Saturday, March 13, 2010

Running SQL scripts with psql

If you are using PostgreSQL, have you ever loaded an SQL script file or dump file through psql? Well, duh.

-f vs. <

If you are just starting out, you will probably try this:
psql mydb < dump.sql
and that's quite OK.

Once you hit your first error message such as
ERROR:  syntax error at or near "VEIW"
you might figure out that for some reason
psql mydb -f dump.sql
is better, because it produces
psql:dump.sql:56: ERROR:  syntax error at or near "VEIW"
instead, allowing you to actually find the error in your file.

Now I admit that it is almost entirely me who is to blame for this bizarre difference, because at some point in the distant past, the GNU Coding Standards recommended that programs should behave the same independent of whether the standard input or output is a terminal or a file. The current version of said standard actually explicitly creates an exception saying that error messages should be changed to the noninteractive style when the standard input is not from a terminal. So this should probably be fixed.

Note that the -f form above is not portable. It depends on the GNU getopt extension that permits options after nonoption arguments. To be portable, you need to write either
psql -d mydb -f dump.sql
or
psql -f dump.sql mydb
Frankly, I hardly ever do this because I rarely use a non-GNU system, but keep it in mind when writing scripts or documentation intended to be portable.

psqlrc

The next thing you should always do when running psql scripts is using the option -X, which prevents the reading of the .psqlrc file. Because that file could contain anything, and you have no idea how it will interact with your script.

In my mind, this is a design mistake in psql. Unix shells have different startup files for interactive and noninteractive usage, so they don't have this problem.

Quiet or Loud

Anyway, if you are restoring a dump, these commands will produce output that does something like this:
CREATE TABLE
CREATE TABLE
CREATE TABLE
CREATE FUNCTION
CREATE TYPE
CREATE FUNCTION
ALTER TABLE
ALTER TABLE
CREATE INDEX
CREATE INDEX
These are the responses from the DDL commands that are in your SQL script file. I personally like to not see these, because they don't tell me anything useful and they cause the important information such as error messages to fly rapidly off the screen.

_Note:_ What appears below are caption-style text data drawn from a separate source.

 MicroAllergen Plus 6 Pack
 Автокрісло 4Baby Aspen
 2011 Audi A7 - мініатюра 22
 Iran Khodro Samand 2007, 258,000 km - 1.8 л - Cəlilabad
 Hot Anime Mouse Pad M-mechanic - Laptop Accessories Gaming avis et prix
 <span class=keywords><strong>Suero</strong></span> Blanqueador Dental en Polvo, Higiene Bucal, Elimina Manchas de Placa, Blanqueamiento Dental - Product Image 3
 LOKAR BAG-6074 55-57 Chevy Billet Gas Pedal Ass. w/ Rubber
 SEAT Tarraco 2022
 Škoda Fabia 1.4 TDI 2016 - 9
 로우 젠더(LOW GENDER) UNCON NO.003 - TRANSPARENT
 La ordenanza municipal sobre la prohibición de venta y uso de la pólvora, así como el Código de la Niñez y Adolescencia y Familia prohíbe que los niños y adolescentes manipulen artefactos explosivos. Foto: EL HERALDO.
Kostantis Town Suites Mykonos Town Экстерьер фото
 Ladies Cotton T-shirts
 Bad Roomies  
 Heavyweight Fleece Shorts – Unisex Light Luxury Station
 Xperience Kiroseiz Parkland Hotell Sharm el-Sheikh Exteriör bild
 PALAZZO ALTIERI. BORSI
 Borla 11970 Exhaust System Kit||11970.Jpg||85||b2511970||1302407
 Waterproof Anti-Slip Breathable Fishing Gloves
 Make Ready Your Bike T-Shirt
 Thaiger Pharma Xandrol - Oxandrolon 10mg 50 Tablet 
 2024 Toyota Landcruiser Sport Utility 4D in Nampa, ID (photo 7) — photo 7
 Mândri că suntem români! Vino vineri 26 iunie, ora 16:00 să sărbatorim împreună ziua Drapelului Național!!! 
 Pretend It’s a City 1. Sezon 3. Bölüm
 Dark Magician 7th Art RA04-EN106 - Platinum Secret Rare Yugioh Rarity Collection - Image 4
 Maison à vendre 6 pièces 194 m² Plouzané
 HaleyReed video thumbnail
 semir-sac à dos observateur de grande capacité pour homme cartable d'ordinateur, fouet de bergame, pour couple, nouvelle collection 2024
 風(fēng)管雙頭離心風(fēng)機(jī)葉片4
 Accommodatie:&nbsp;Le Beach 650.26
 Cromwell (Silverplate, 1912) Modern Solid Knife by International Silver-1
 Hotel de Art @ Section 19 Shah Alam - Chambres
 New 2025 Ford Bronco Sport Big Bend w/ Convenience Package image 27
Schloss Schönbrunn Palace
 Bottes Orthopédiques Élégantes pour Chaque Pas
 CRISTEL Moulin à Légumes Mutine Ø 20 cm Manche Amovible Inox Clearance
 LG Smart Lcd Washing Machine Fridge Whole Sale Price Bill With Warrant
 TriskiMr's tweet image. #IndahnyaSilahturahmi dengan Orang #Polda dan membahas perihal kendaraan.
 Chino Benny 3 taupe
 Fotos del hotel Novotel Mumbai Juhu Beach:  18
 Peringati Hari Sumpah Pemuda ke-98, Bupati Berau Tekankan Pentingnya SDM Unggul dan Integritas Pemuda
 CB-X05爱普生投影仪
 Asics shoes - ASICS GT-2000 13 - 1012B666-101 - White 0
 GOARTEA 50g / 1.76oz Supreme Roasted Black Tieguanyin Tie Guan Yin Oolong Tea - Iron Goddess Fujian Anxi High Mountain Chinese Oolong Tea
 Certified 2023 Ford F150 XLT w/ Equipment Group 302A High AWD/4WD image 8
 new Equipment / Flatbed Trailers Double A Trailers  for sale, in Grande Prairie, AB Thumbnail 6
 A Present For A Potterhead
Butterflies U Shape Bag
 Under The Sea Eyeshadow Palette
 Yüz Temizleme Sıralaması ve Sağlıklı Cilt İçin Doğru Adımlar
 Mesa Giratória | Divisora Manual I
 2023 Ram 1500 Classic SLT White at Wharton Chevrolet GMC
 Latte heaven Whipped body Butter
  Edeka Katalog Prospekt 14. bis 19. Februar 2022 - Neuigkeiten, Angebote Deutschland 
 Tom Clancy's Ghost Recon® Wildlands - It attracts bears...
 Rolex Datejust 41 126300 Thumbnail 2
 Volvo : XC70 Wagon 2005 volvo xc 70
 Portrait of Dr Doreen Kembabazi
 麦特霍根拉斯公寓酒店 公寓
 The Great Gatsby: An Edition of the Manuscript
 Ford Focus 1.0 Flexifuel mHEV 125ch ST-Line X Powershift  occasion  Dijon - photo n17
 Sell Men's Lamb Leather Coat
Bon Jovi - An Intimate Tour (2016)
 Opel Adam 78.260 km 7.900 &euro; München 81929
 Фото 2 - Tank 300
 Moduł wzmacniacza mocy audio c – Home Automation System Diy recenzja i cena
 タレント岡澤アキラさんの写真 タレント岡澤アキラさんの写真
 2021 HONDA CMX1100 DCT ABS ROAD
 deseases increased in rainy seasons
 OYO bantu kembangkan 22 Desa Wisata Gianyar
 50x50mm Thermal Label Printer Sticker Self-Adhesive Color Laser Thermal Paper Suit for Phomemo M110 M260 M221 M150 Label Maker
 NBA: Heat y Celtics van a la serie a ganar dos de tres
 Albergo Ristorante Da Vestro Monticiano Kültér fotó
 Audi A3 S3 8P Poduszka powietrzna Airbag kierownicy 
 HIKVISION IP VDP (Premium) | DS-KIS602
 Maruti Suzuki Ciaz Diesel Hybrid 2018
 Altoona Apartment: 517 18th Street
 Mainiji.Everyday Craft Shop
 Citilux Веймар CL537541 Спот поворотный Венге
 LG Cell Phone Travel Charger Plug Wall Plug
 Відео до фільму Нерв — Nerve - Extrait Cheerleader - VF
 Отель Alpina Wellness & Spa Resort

Some people might like these responses because they serve as a kind of progress indicator. Which is true, but there is a flaw. Creating tables and functions is pretty fast. Chances are that that part of the dump file will fly way off your screen in two seconds. The slow part of a database restore are the COPY commands that restore the data. And those do not produce any response at all! So as a progress report, this output is not all that useful. OK, the ALTER TABLE parts at the end that create the foreign keys can be slow, and of course the CREATE INDEX commands, but in the above example, the longest wait would be after the last CREATE FUNCTION.

There are two ways to make this behavior more sane: If you don't want the "progress" output, only the errors and other important messages, use the option -q (or --quiet). This is probably more useful for restoring a dump on the console. If you want a full progress report, use the option -a (or --all), which will in addition to the default behavior print each statement from the file before executing it. This is probably fairly useful in batch jobs where you are logging the output to a file or somewhere. But most likely you will want to use one of these two options for almost any noninteractive invocation of psql. You can also somewhat usefully use both options at the same
time; think about it.

Notices

On the matter of controlling the output, you might want to hide the NOTICE messages such as
NOTICE:  CREATE TABLE / PRIMARY KEY will create implicit index "test1_pkey" for table "test1"
These get pretty boring quickly, especially when you create a lot of tables with a lot of primary keys.

psql doesn't provide a direct command-line option for turning this off, but there is an obscure method: See the environment variable PGOPTIONS to '--client-min-messages=warning', which will pass that option to the server process. So all together, your call might look like
PGOPTIONS='--client-min-messages=warning' psql -d mydb -q -f dump.sql

For some tastes, it might actually make sense to change the client_min_messages option permanently in postgresql.conf on the server.

Also note that analogous to the case of .psqlrc described above, PGOPTIONS could contain all kinds of settings that you don't want. So even if you don't want to disable notices as shown here, it would be most prudent to unset the environment variable in other cases.

Transactions

The next thing you might want to consider is using transactions, or rather a single transaction. Otherwise, if the execution of the script or restoration of the backup fails somewhere along the way, you have a half-loaded database and no easy restart point. Sometimes this doesn't matter that much; if you are restoring into a new database, you can just drop it and start over. If you are deploying updates into an existing system, much more care is required. The option to execute a file in a single transaction is -1 or --single-transaction.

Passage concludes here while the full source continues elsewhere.